● **What is expected**
Skip the pictures and write out, word for word, the lines below from the one with "women printed short" through the one with "Genuine Leather Cigar", inclusive.

● **Data records**
◇ ◇ ◇ ◇ ◇

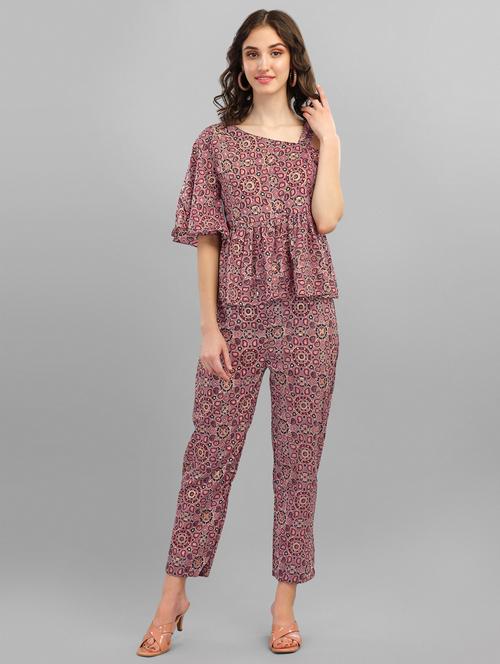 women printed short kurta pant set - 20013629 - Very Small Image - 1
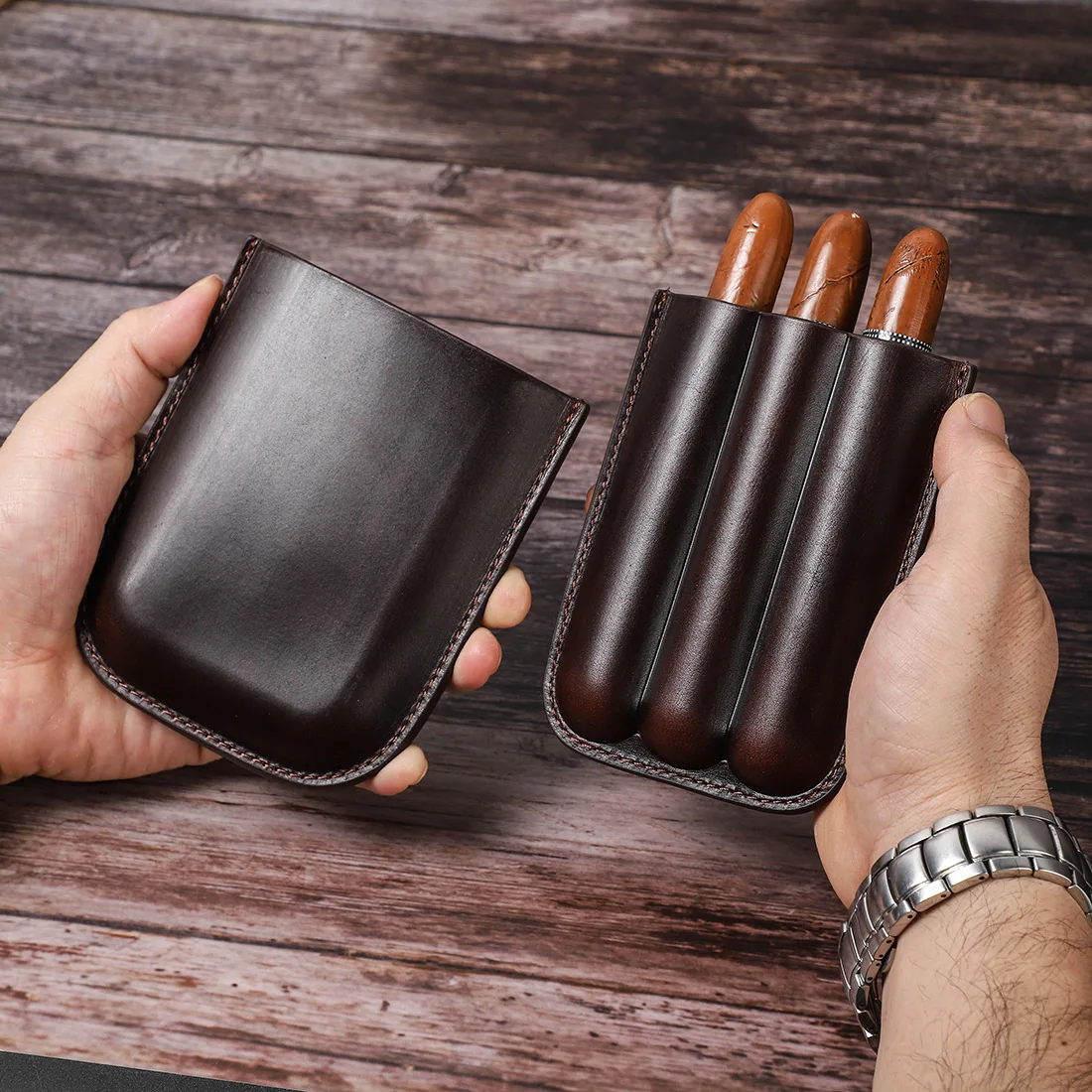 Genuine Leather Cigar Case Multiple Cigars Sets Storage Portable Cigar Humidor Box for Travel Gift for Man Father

◇ ◇ ◇ ◇ ◇

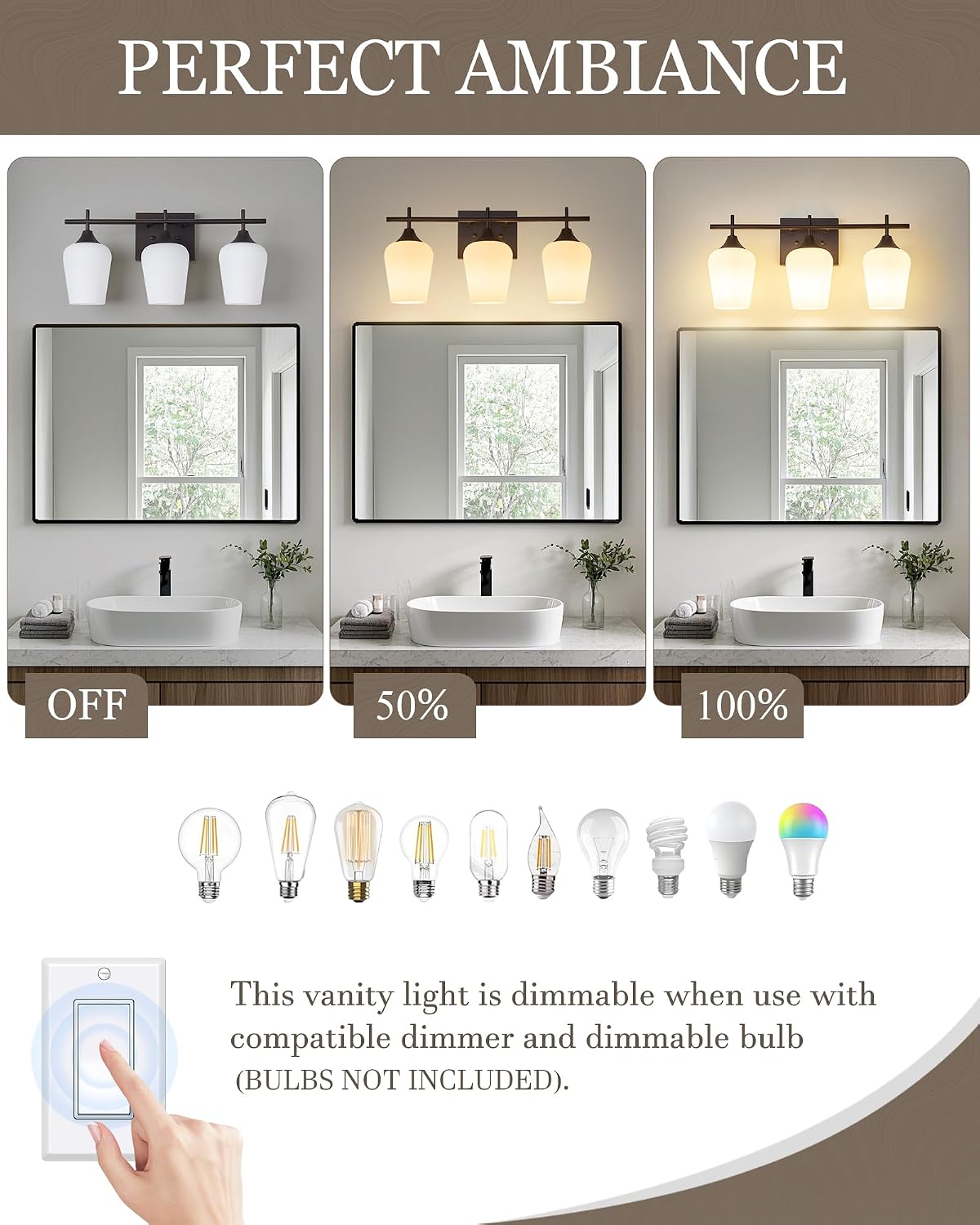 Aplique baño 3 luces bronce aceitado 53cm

◇ ◇ ◇ ◇ ◇

● **Task response**
 women printed short kurta pant set - 20013629 - Very Small Image - 1
 Genuine Leather Cigar Case Multiple Cigars Sets Storage Portable Cigar Humidor Box for Travel Gift for Man Father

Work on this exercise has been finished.